レビュー

人は誰も、生きていく中でいくつものエラーを犯す。それは当然のことなのだから、いちいち気にしていられない、と思うかもしれない。

しかし、世の中には取り返しのつかないエラーも確実に存在する。たった一回の、ほんのささいなエラーが、大きな事故につながり、人命が失われることがある。1つのエラーによって姿を消す企業は後を絶たない。
エラーを完全に防ぐのは不可能に思えるが、本書はそれを否定する。すべてのエラーは防げると断言するのだ。世界中で起きたヒューマンエラーに起因する事故に対処してきた著者が開発したのは、ヒューマンエラーを根絶するためのエラーフリー・メソッドだ。
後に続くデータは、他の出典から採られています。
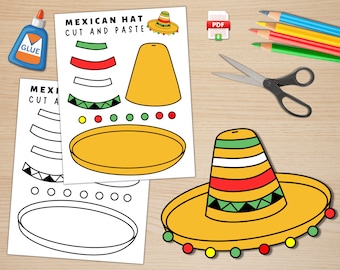Printable Sombrero Hat Craft | Hispanic Heritage Month Craft | Cinco de Mayo Activities | Color, Cut, and Paste | Mexican Hat | PDF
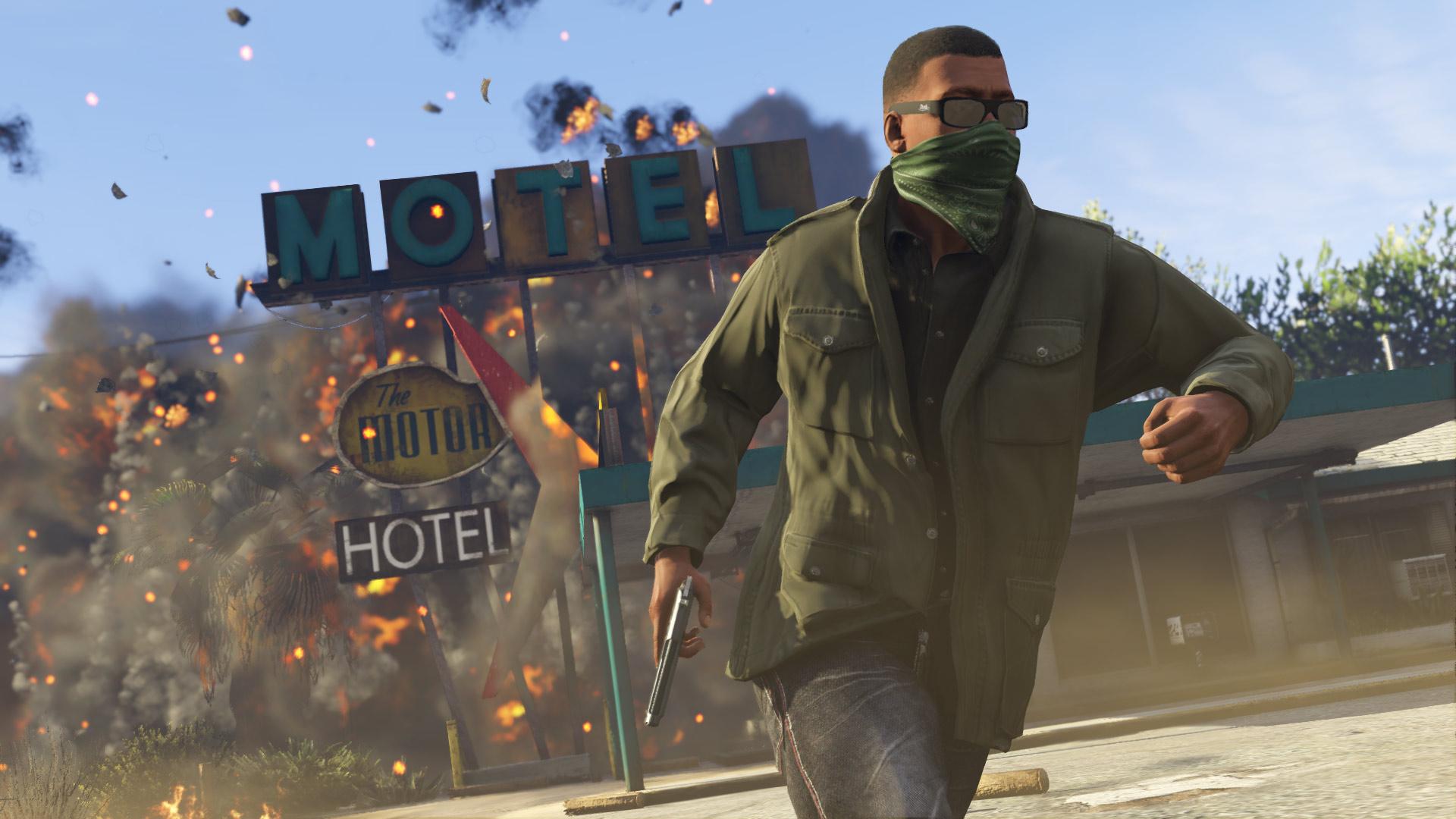 An image of a character from Grand Theft Auto V running away from an explosion.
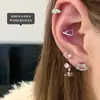 Meow Ni Corazón Zirconia Exquisita Micro-incrustada Lindo Kt Meow Lazo Pendientes de Acero de Titanio Dulces Pendientes para Mujer Clavos de Hélice Auricular
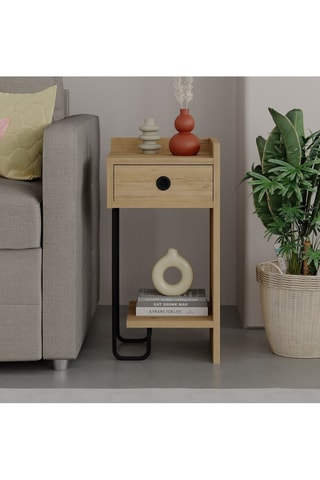 Table de chevet 1 tiroir Imitation chêne
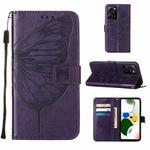 Embossed Butterfly Leather Phone Case For Xiaomi Poco X5 Pro 5G / Redmi Note 12 Pro Speed(Dark Purple)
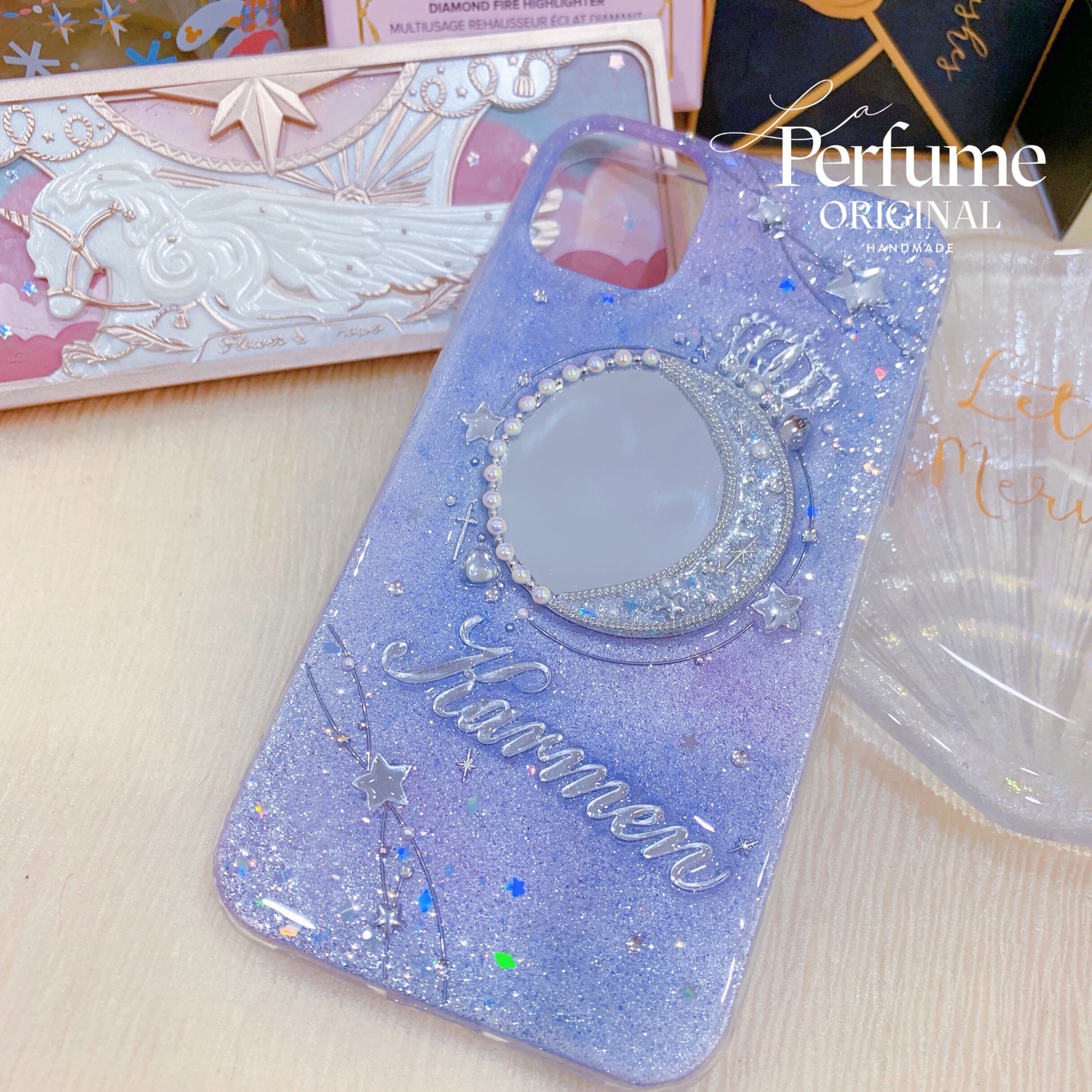 名入れ♡ミラー✨キラキラ クラウンティアラパール♡ イニシャル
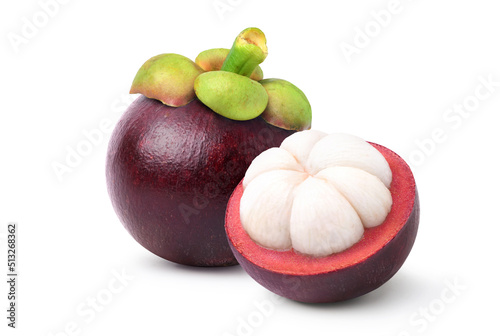Mangosteen with cut in half isolated on white background. Clipping path.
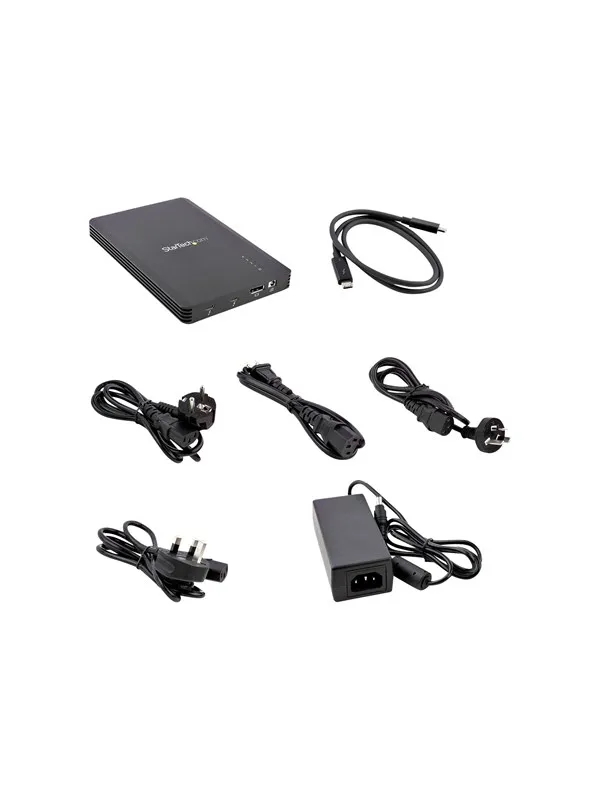 Startech 4 Bay Thunderbolt 3 NVMe Enclosure, For M.2 NVMe Solid State Drives, 1x DisplayPort Video & 2x TB3 Downstream Ports, Up to 40Gbps, 72W Power Supply - 4 Bay M.2 SSD External Hard Drive Enclosure (M2E4BTB3) - Drevkabinett - M.2 - M.2 NVMe Card / PCIe (NVMe) - Thunderbolt 3 - svart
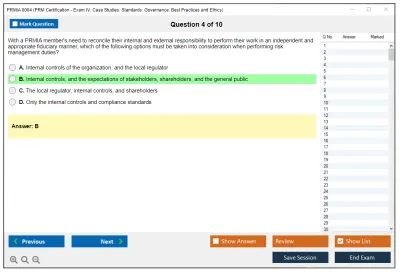 PRMIA 8004 PRM Certification - Exam IV: Case Studies; Standards: Governance, Best Practices and Ethics Practice test exam simulator test engine exam Prep practice test questions answers Image 4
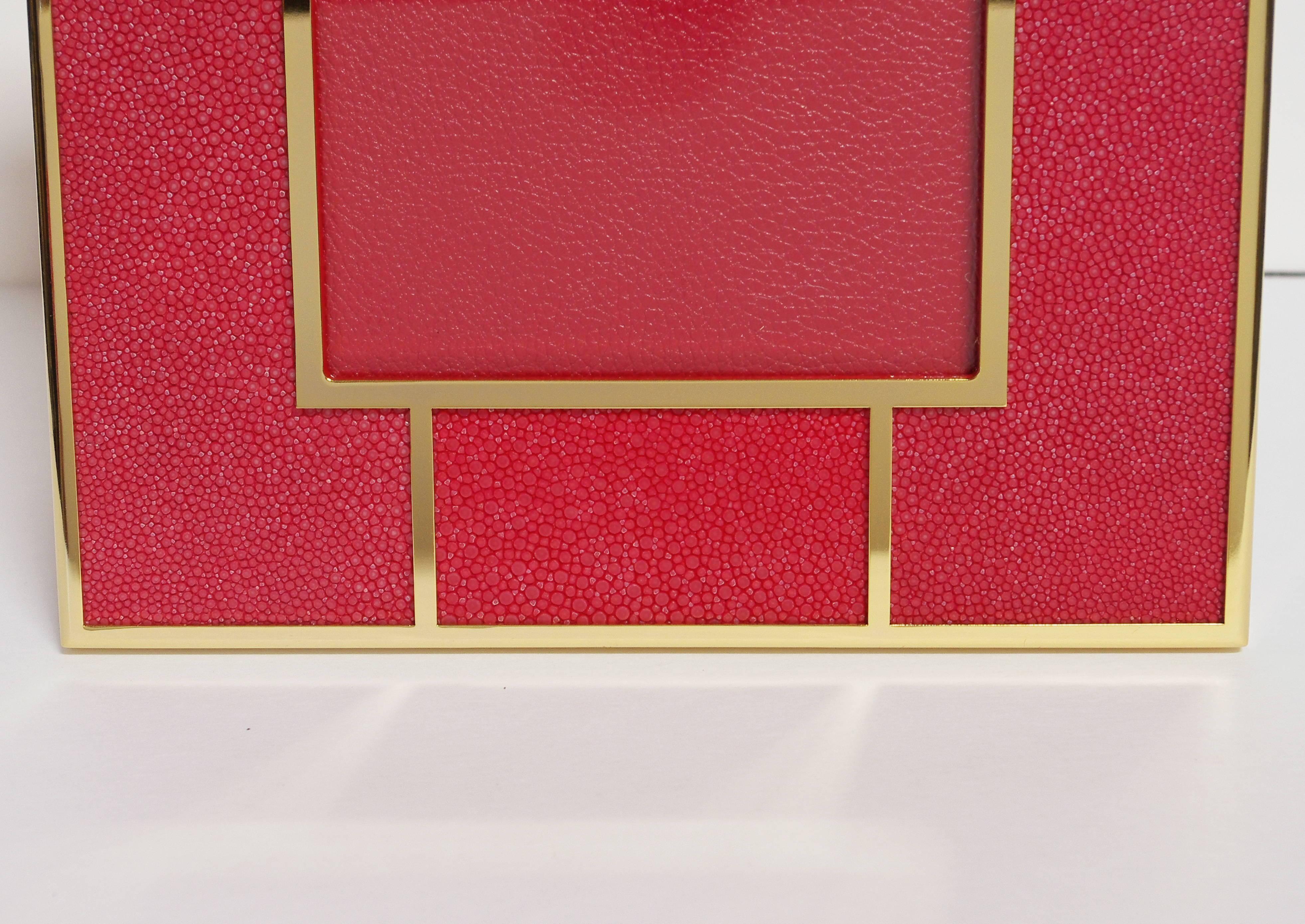 Italian Rectangular Red Shagreen Gold-Plated Photo Frame for 5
著者によれば、このエラーフリー・メソッドを用いれば「新しいエラー」も「分類できないエラー」もない。すべてのエラーは対策可能だという本書のはしばしから、世界中で発生し続ける悲惨な事故を何とかしたい、人類の歴史からエラーを根絶したいという情熱がにじみ出ている。エラーさえなければ、事故で人命が失われることも、エラー対応に無駄な経費をかけることも、倒産で従業員が路頭に迷うこともないのだ。
本書はエラーフリーに至るための実践的入門書として位置付けられているが、実際に読むと日々の業務の中で使える内容が多い。自分も普段の業務の中でエラーを犯していないか、犯したエラーが放置されていないか、それを見直すことが、未来の自分や周囲の人を守ってくれるかもしれない。エラーフリーの実現のために自分を見直したくなったとき、最適な一冊だ。

本書の要点

・成功した企業が犯しやすいのが、慢心によるエラーだ。ノキアは決定を間違える「誤処理エラー」、コダックは行動しない「省略エラー」で業界トップから谷底へ転落した。
・ヒューマンエラーは、必要とされる注意力と習熟度の観点から、「知識型エラー」「規則型エラー」「スキル型エラー」の3つに大別できる。
・組織のリーダーが犯しうる知識型エラーは、ときに企業を倒産まで追い込む。
・従業員がよく犯すスキル型エラーは、作業に必要な注意力とその人がそのときに持っている注意力に差が生まれたときに起きやすい。